- _Work request_: Every line below from the one containing "Casa exclusiva em" through the one containing "JBL Boombox 3 Wi-Fi и JBL Partybox 520" must be transcribed exactly. Omit all lines outside that stretch.
== Information shown ==
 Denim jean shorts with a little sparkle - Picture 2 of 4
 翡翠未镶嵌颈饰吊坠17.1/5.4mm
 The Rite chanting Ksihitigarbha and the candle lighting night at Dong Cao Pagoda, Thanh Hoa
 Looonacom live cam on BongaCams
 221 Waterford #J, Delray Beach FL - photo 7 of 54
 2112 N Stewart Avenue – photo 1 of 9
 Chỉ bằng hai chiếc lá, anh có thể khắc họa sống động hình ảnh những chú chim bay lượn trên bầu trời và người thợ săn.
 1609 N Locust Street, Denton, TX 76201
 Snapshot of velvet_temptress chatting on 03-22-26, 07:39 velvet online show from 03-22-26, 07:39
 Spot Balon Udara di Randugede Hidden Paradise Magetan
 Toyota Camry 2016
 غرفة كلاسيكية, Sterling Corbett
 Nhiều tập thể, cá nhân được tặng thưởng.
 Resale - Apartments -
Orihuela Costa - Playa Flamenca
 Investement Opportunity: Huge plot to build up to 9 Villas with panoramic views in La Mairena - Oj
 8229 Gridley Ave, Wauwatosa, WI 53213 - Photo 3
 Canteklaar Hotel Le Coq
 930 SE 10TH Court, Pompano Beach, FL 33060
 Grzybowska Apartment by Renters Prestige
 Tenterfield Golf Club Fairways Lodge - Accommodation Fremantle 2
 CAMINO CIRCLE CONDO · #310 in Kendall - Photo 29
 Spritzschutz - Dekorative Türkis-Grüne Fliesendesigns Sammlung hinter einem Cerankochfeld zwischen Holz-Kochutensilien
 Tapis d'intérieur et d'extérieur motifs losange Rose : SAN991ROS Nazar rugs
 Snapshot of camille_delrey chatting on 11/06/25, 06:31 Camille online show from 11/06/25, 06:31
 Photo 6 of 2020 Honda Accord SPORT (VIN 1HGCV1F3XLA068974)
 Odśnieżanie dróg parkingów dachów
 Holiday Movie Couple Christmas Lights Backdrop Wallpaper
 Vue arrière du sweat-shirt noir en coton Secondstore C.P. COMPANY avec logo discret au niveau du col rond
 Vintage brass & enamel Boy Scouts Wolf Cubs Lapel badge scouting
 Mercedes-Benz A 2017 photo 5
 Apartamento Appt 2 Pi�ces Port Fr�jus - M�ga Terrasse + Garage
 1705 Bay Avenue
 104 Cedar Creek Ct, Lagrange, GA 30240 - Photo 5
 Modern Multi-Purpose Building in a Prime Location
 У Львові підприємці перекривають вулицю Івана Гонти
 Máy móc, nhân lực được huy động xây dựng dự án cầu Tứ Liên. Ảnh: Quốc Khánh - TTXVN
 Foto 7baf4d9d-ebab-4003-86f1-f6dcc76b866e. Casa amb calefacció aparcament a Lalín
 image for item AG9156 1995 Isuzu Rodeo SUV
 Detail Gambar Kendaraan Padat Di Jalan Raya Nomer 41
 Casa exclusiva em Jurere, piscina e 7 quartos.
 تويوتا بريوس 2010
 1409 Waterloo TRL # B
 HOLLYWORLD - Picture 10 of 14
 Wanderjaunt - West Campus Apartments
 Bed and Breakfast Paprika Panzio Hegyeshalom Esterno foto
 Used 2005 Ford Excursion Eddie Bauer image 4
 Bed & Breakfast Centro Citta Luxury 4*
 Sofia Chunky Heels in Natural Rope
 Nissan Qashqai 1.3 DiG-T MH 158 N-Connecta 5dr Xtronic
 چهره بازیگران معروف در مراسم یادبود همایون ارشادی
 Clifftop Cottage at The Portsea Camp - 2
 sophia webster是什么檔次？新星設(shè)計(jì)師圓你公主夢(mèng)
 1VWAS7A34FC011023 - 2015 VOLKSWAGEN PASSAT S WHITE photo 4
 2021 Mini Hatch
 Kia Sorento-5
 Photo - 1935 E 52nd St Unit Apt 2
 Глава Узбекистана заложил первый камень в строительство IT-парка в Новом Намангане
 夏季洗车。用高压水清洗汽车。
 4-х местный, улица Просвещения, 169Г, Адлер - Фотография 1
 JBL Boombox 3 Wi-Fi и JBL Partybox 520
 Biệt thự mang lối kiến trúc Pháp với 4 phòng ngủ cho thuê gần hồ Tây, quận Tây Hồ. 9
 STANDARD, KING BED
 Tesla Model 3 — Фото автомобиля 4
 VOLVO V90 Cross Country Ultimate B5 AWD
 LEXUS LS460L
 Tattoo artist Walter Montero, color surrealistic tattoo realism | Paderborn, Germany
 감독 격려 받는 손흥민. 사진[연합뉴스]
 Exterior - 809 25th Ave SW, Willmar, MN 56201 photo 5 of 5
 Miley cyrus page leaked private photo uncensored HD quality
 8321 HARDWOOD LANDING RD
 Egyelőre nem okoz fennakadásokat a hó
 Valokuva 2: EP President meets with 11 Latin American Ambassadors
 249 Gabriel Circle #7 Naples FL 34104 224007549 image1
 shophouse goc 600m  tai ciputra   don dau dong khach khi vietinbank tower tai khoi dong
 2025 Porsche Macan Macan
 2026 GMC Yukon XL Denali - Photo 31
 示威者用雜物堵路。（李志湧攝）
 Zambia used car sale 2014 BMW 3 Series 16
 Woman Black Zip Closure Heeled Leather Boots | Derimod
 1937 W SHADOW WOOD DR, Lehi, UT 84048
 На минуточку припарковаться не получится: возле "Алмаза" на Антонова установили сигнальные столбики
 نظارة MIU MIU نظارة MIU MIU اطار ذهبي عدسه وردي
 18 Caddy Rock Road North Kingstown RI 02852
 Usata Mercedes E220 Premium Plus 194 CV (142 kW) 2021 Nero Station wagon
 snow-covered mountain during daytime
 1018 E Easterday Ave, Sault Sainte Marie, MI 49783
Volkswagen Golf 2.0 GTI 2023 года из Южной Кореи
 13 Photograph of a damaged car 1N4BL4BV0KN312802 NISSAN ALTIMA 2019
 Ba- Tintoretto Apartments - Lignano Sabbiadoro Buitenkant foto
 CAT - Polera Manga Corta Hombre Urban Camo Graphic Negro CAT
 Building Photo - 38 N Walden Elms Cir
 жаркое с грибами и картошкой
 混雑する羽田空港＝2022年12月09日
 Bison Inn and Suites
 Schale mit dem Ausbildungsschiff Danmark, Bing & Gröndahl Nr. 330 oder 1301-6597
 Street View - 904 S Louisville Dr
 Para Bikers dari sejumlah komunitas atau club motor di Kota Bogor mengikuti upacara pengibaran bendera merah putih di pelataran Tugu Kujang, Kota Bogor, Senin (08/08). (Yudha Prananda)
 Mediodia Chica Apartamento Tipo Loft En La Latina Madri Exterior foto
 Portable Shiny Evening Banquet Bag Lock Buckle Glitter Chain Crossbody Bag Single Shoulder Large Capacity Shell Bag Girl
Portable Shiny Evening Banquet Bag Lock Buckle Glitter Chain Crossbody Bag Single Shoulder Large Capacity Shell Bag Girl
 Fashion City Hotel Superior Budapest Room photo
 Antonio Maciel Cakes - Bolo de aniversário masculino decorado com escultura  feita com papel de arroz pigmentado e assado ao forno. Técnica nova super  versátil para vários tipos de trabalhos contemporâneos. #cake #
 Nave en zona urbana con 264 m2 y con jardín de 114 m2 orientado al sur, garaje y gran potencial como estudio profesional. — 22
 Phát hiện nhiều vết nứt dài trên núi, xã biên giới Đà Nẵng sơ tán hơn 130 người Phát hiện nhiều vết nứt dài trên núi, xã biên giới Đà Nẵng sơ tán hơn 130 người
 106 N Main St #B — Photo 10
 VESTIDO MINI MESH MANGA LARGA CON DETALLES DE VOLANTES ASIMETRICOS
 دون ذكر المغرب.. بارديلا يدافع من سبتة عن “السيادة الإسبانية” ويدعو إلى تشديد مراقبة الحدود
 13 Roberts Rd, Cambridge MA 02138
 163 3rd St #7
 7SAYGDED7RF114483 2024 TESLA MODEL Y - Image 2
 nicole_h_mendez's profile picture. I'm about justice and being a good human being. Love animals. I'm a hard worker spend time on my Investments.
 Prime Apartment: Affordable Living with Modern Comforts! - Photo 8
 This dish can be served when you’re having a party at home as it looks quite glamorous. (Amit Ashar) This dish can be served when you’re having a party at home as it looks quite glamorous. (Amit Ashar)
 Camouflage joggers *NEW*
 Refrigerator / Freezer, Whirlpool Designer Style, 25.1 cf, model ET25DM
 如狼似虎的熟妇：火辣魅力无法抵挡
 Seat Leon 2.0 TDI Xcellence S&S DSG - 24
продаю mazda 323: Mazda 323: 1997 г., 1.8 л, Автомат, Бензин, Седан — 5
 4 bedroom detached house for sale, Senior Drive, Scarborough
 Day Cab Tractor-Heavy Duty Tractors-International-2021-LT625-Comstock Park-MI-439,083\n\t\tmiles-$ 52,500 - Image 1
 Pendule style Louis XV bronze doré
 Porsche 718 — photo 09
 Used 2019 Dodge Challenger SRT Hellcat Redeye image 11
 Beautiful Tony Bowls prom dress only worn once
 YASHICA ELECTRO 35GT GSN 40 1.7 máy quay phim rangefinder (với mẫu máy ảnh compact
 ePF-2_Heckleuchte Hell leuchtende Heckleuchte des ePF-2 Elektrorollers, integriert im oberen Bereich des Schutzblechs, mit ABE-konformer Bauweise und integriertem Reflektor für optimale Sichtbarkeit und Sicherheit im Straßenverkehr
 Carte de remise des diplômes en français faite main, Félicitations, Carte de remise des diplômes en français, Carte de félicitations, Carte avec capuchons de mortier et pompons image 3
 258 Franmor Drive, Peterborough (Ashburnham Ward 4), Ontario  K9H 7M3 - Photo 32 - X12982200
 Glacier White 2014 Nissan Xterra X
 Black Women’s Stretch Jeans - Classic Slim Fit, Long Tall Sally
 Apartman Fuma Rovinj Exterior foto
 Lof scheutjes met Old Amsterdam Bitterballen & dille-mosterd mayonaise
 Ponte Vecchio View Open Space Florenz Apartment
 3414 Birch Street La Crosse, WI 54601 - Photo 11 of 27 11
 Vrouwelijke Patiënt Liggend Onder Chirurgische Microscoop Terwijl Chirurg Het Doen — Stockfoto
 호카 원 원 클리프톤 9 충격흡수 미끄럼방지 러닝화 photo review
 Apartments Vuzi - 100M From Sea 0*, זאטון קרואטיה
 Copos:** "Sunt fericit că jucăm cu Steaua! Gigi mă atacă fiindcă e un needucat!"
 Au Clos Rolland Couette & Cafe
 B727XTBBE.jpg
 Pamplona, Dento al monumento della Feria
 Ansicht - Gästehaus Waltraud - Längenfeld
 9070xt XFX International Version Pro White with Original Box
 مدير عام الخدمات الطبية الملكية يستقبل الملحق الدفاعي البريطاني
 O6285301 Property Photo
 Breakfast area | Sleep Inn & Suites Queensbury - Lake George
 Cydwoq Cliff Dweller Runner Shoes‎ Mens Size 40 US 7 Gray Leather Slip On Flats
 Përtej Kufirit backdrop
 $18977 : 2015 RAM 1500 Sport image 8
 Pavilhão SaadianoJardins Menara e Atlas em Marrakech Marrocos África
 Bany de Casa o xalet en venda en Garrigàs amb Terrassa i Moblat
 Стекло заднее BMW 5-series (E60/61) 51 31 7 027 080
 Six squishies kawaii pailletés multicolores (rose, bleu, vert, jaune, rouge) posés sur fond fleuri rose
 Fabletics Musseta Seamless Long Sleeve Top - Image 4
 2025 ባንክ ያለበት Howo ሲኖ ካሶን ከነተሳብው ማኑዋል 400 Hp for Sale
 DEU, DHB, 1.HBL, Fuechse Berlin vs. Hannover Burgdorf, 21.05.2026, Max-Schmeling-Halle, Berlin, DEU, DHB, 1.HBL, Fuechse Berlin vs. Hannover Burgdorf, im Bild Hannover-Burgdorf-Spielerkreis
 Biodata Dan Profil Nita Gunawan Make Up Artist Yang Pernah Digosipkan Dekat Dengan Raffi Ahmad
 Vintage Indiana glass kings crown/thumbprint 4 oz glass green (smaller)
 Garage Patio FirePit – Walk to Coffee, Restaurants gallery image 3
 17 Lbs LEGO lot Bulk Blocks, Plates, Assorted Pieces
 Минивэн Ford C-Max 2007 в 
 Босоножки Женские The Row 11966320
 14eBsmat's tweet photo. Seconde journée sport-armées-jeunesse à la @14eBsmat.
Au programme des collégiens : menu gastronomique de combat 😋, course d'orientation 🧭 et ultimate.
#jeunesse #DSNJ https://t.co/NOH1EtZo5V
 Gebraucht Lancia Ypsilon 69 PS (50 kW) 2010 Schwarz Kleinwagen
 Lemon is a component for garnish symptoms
===
- _Answer area_:
 Casa exclusiva em Jurere, piscina e 7 quartos.
 تويوتا بريوس 2010
 1409 Waterloo TRL # B
 HOLLYWORLD - Picture 10 of 14
 Wanderjaunt - West Campus Apartments
 Bed and Breakfast Paprika Panzio Hegyeshalom Esterno foto
 Used 2005 Ford Excursion Eddie Bauer image 4
 Bed & Breakfast Centro Citta Luxury 4*
 Sofia Chunky Heels in Natural Rope
 Nissan Qashqai 1.3 DiG-T MH 158 N-Connecta 5dr Xtronic
 چهره بازیگران معروف در مراسم یادبود همایون ارشادی
 Clifftop Cottage at The Portsea Camp - 2
 sophia webster是什么檔次？新星設(shè)計(jì)師圓你公主夢(mèng)
 1VWAS7A34FC011023 - 2015 VOLKSWAGEN PASSAT S WHITE photo 4
 2021 Mini Hatch
 Kia Sorento-5
 Photo - 1935 E 52nd St Unit Apt 2
 Глава Узбекистана заложил первый камень в строительство IT-парка в Новом Намангане
 夏季洗车。用高压水清洗汽车。
 4-х местный, улица Просвещения, 169Г, Адлер - Фотография 1
 JBL Boombox 3 Wi-Fi и JBL Partybox 520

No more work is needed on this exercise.